Your task: The result should be an exact copy of the data, free of pictures.

Data segment Start Marker

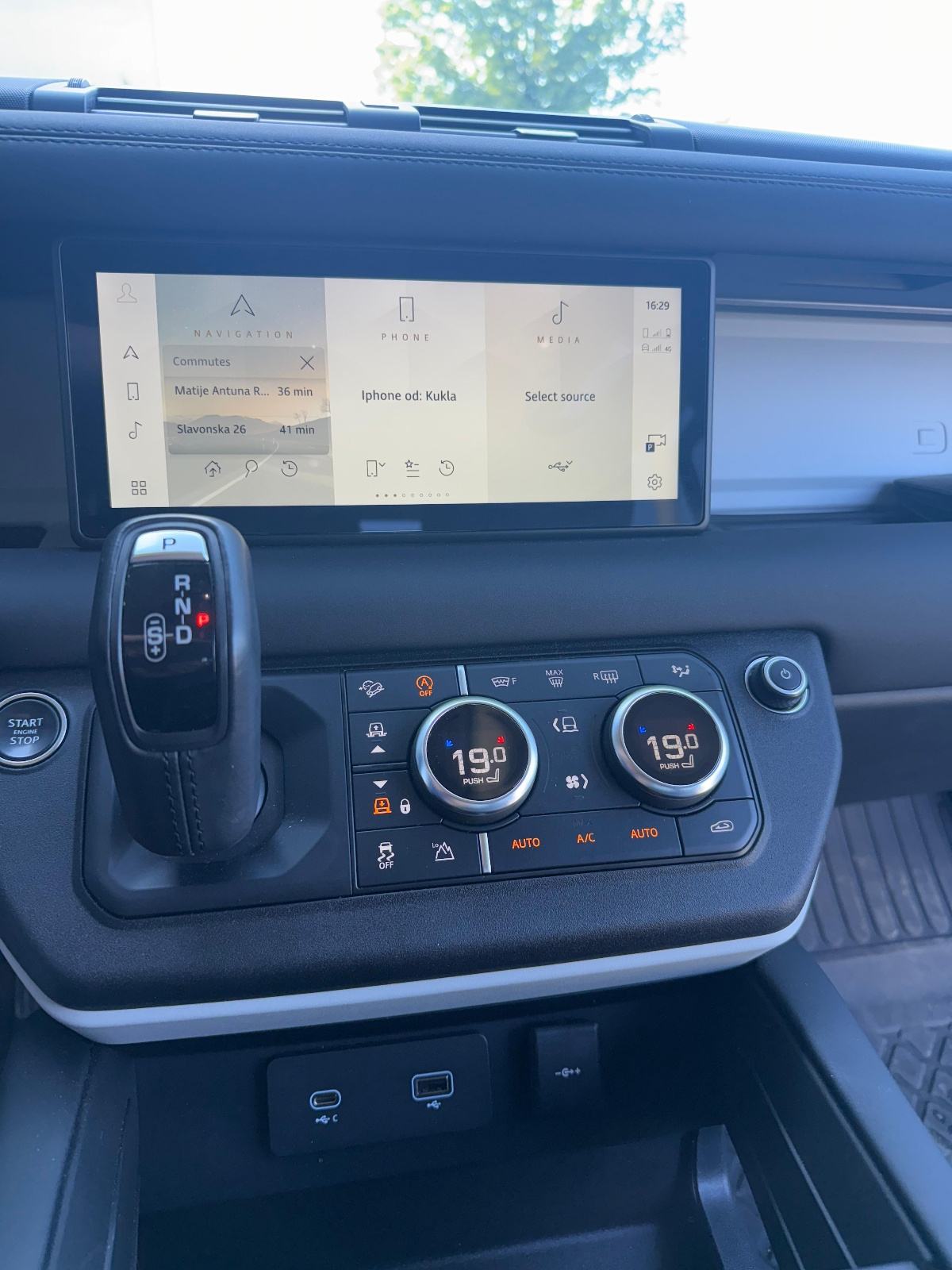 Land Rover Defender D250 3.0D AWD Automatik • 45.000 km • 2023g•, fotografija 12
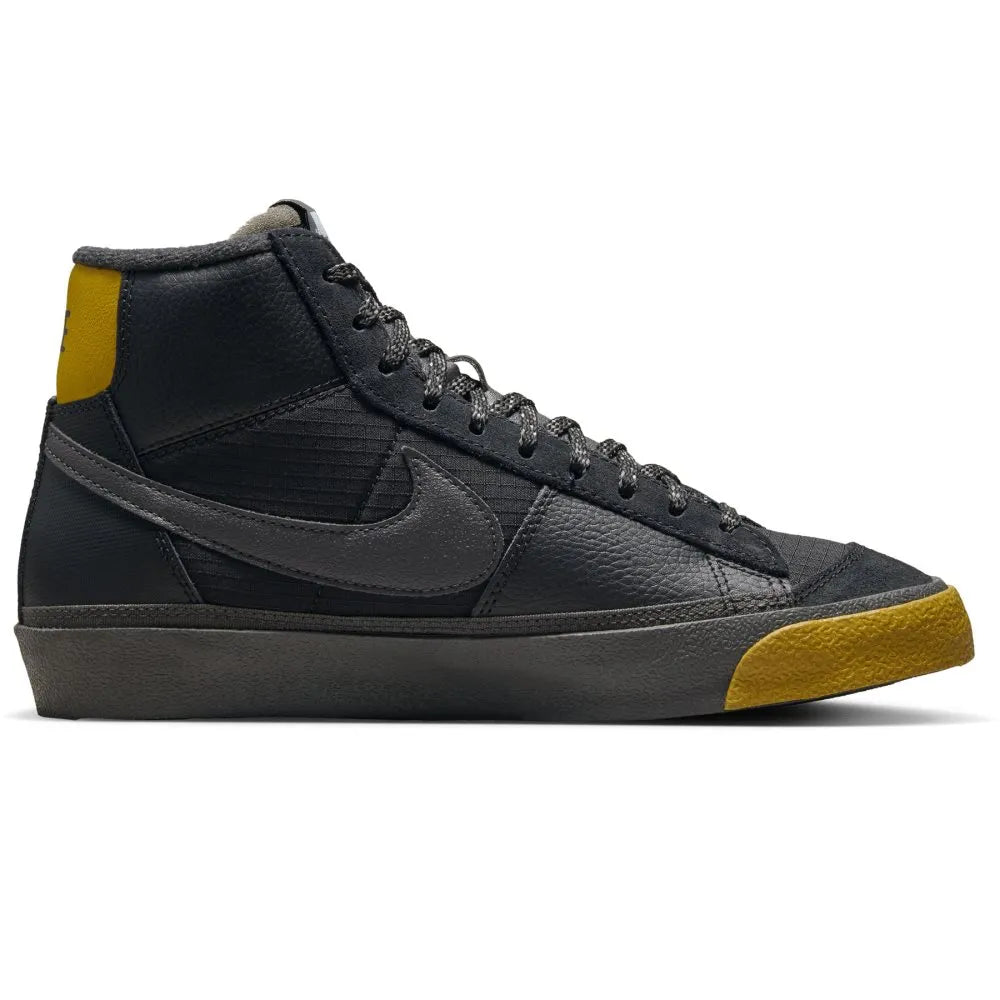 NIKE. CLA. BLAZER MID PRO CLUB FB8891-001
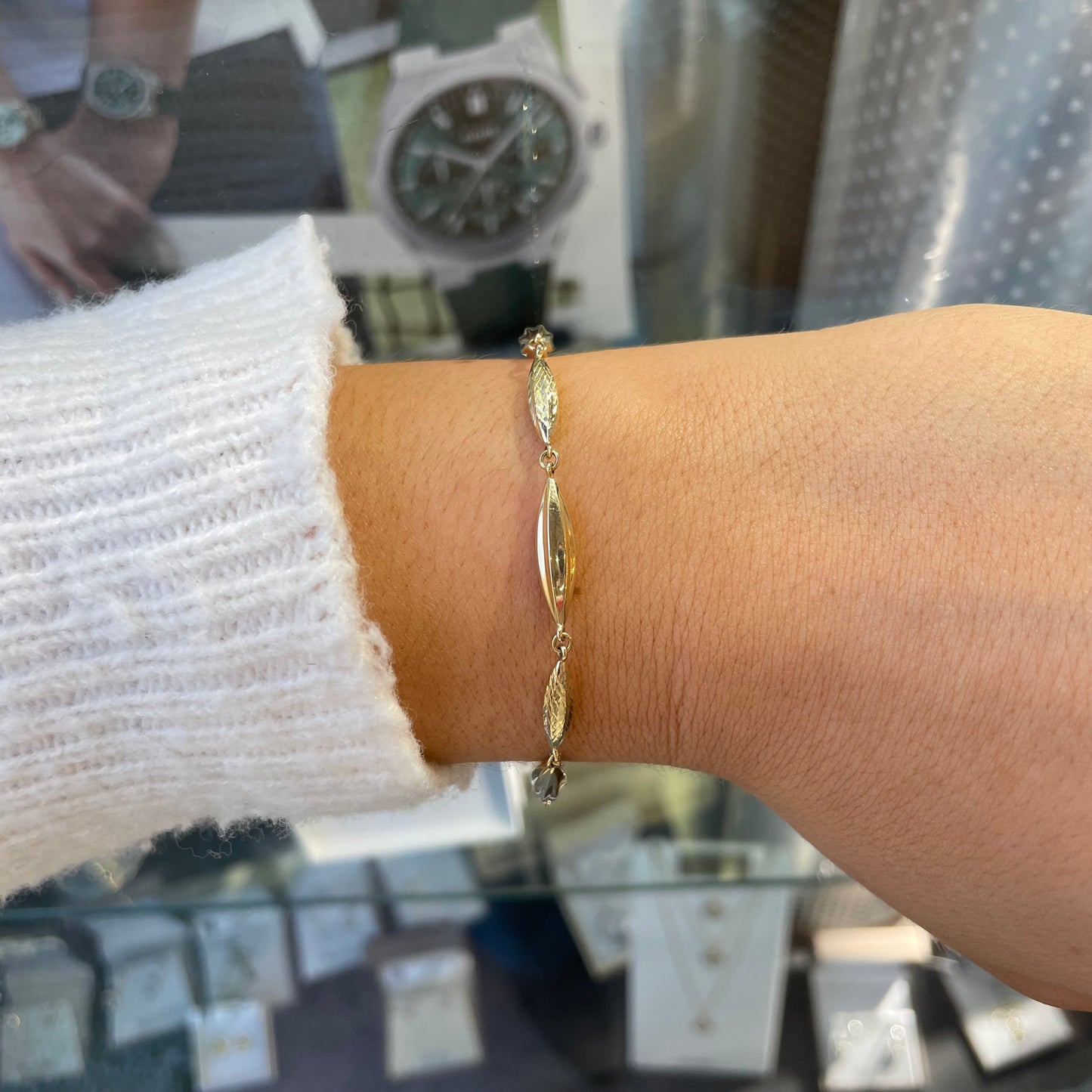9ct Gold Fancy Diamond Cut Bracelet - John Ross Jewellers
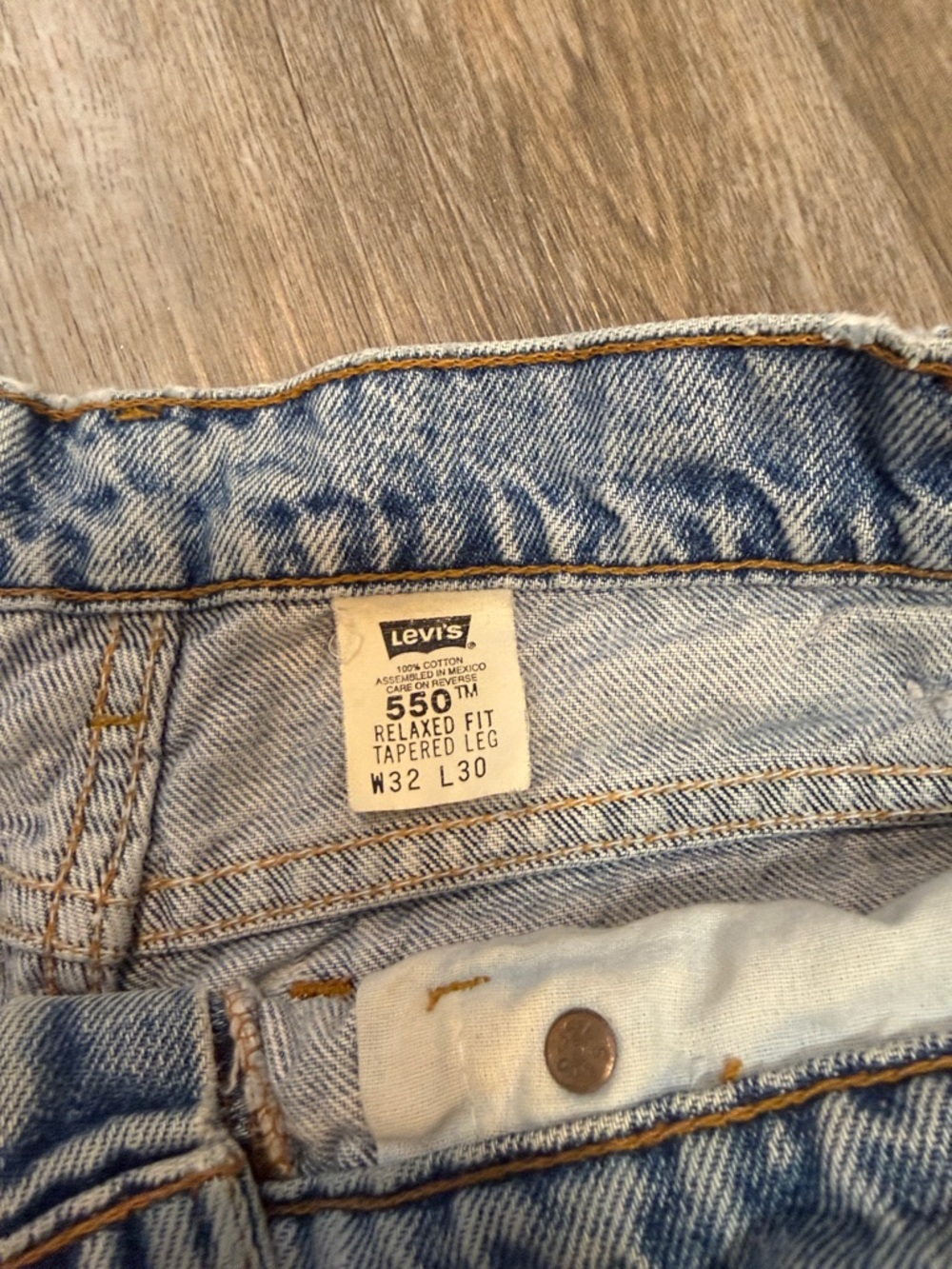 Levi’s 550 Classic Light Wash Men’s Jeans - Casual Straight Fit 32x30 - Picture 5 of 6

Data segment End Marker

Task answer:
 Land Rover Defender D250 3.0D AWD Automatik • 45.000 km • 2023g•, fotografija 12
 NIKE. CLA. BLAZER MID PRO CLUB FB8891-001
9ct Gold Fancy Diamond Cut Bracelet - John Ross Jewellers
 Levi’s 550 Classic Light Wash Men’s Jeans - Casual Straight Fit 32x30 - Picture 5 of 6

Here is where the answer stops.